L’automobile est incorrigible ! En 2009, elle avait accepté de réduire la voilure pour affronter la tempête de la crise. La Voiture moyenne avait ainsi modifié à la baisse ses paramètres : consommation, longueur, poids, cylindrée, puissance, vitesse maxi. Au point de faire croire qu’elle avait renoncé au sacro-saint principe qui la guide depuis qu’elle est devenue objet de consommation courante : le « toujours plus ». Erreur. Ce n’était qu’une illusion, due à la surreprésentation dans les ventes de citadines dopées par les primes à la casse et le bonus.
Déjà, en 2009, il était un indice. Le prix moyen, lui, n’avait pas chuté : 19 153 €, au lieu de 18 962 € en 2008. Cette année, l’indice est devenu évidence : la Voiture moyenne est repartie à la hausse. À commencer par le prix (19 767 €), désormais proche de son niveau record, atteint en 2007 (20 018 €), dernière année avant la fragilisation des économies occidentales.
Prix moyen de la voiture moyenne :
2006 | 2007 | 2008 | 2009 | 2010 |
19 717 € |
20 018 € |
18 962 € |
19 153 € |
19 767 € |
Certes, la Voiture moyenne reconnaît ici que son tarif catalogue n’est pas le prix réellement payé : promotions, remises négociées, finitions déguisées en fausses « séries limitées », bonus, prime à la casse. Mais les constructeurs savent concéder d’une main et reprendre de l’autre, en incitant l’acheteur à puiser dans la liste des options. Dacia fait ça très bien. Audi aussi, à l’autre bout des catégories automobiles. Dès lors, le solde est nul, et le tarif catalogue n’est guère éloigné du prix réel de la transaction.
De plus, maintenant que la part des citadines revient à un niveau normal, en 2010, la hausse concerne les caractéristiques de la Voiture moyenne : gabarit (+ 3 cm), poids (+ 9 kg), cylindrée (+6cm3), puissance (+3ch), couple (+5Nm). L’automobile n’aurait donc revu ses données à la baisse que lors de l’année 2009, le temps de laisser passer l’orage, pour reprendre sa croissance naturelle.

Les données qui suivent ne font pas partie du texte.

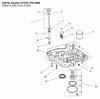 Toro 72051 (265-H) - 265-H Lawn and Garden Tractor, 2001 (210000001-210999999) Ersatzteile OIL PAN AND LUBRICATION ASSEMBLY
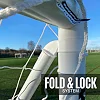 Ворота футбольные QUICKPLAY Q-FOLD 500 x 200 см, белые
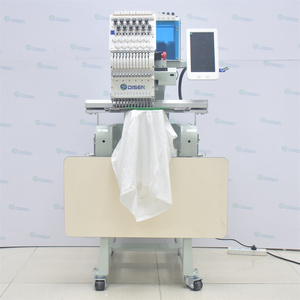 เครื่องปักผ้าคอมพิวเตอร์แบบหัวเดียว 12/15 เข็ม ความแม่นยำสูง 1200 รอบต่อนาที สำหรับ<span class=keywords><strong>งาน</strong></span>ปักผ้าแบบแบน ใช้ในบ้าน - Product Image 4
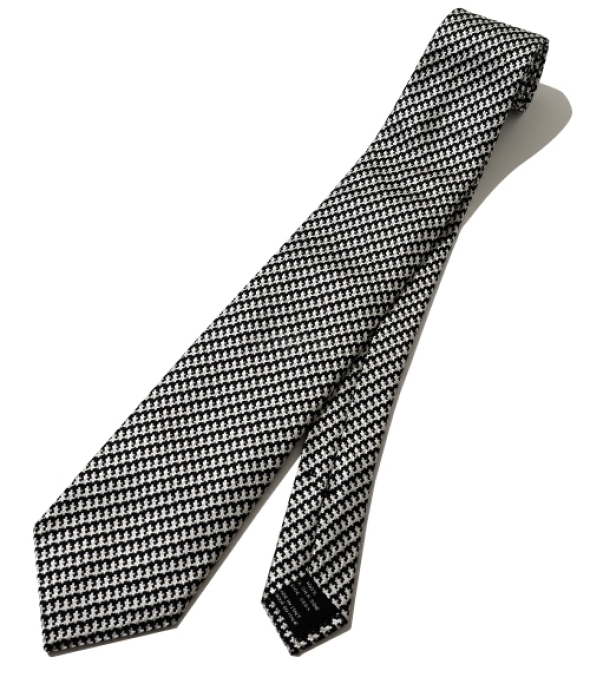 pattern silk tie multi- color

Seul progrès, la consommation
L’analyse de la voiture moyenne de chaque segment confirme cette impression. À part ceux des SUV compacts, les prix ne diminuent que dans les catégories dont les ventes sont en recul : citadines, compactes, familiales. Pour les autres, les tarifs augmentent, voire flambent chez les grandes routières (+ 2200 €) ou les SUV de luxe (+ 1000 €). Le surprenant regain des grandes routières (+ 23 %), des grands monospaces (+ 17 %) et des SUV compacts (+ 90 %, sans incidence sur les ventes des SUV de luxe, restées stables) peut d’ailleurs être interprété comme le signe annonciateur d’une foi retrouvée en la reprise de l’économie. Au moins chez une certaine partie du public, car le succès des marques positionnées bas en termes de tarifs (Dacia, Chevrolet) laisse comprendre qu’une part de la clientèle n’achète pas sans compter.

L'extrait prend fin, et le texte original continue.